Task prompt —
Although the listing contains pictures, reproduce only its text, exactly as written.

Records for this task —
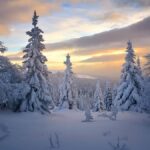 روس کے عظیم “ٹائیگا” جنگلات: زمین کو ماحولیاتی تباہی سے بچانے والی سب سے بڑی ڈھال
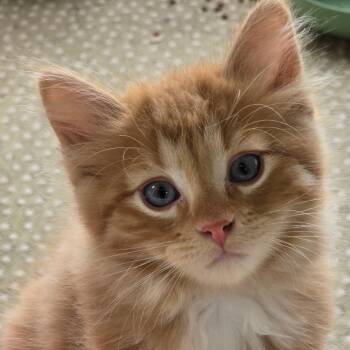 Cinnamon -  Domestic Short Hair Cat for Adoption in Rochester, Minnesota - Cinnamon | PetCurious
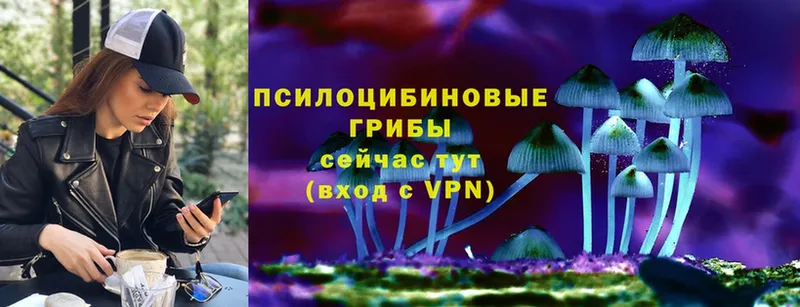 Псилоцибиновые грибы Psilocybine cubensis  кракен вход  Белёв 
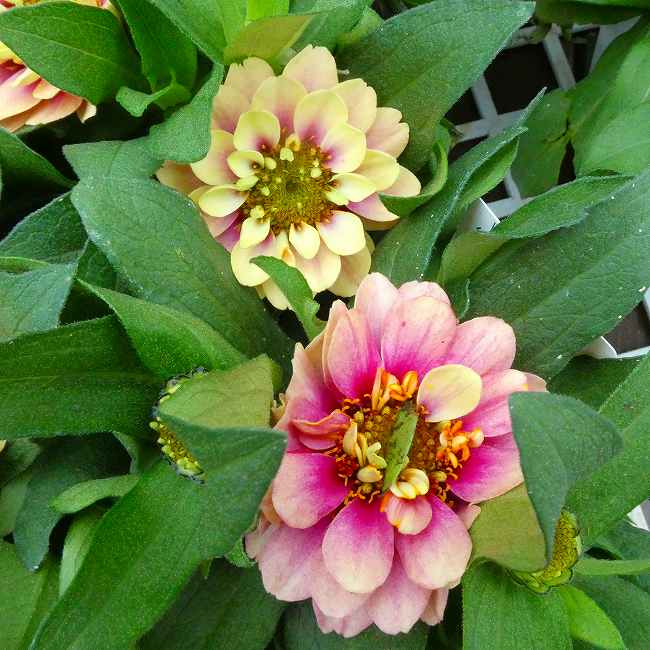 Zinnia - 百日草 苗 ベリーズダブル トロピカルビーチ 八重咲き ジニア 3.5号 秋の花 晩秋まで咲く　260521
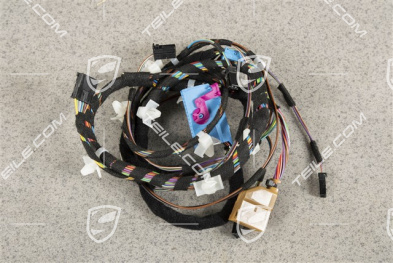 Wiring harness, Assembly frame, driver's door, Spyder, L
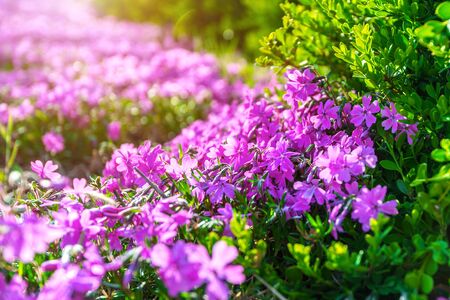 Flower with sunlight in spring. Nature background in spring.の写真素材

Response to the task —
 روس کے عظیم “ٹائیگا” جنگلات: زمین کو ماحولیاتی تباہی سے بچانے والی سب سے بڑی ڈھال
 Cinnamon -  Domestic Short Hair Cat for Adoption in Rochester, Minnesota - Cinnamon | PetCurious
 Псилоцибиновые грибы Psilocybine cubensis  кракен вход  Белёв 
 Zinnia - 百日草 苗 ベリーズダブル トロピカルビーチ 八重咲き ジニア 3.5号 秋の花 晩秋まで咲く　260521
 Wiring harness, Assembly frame, driver's door, Spyder, L
 Flower with sunlight in spring. Nature background in spring.の写真素材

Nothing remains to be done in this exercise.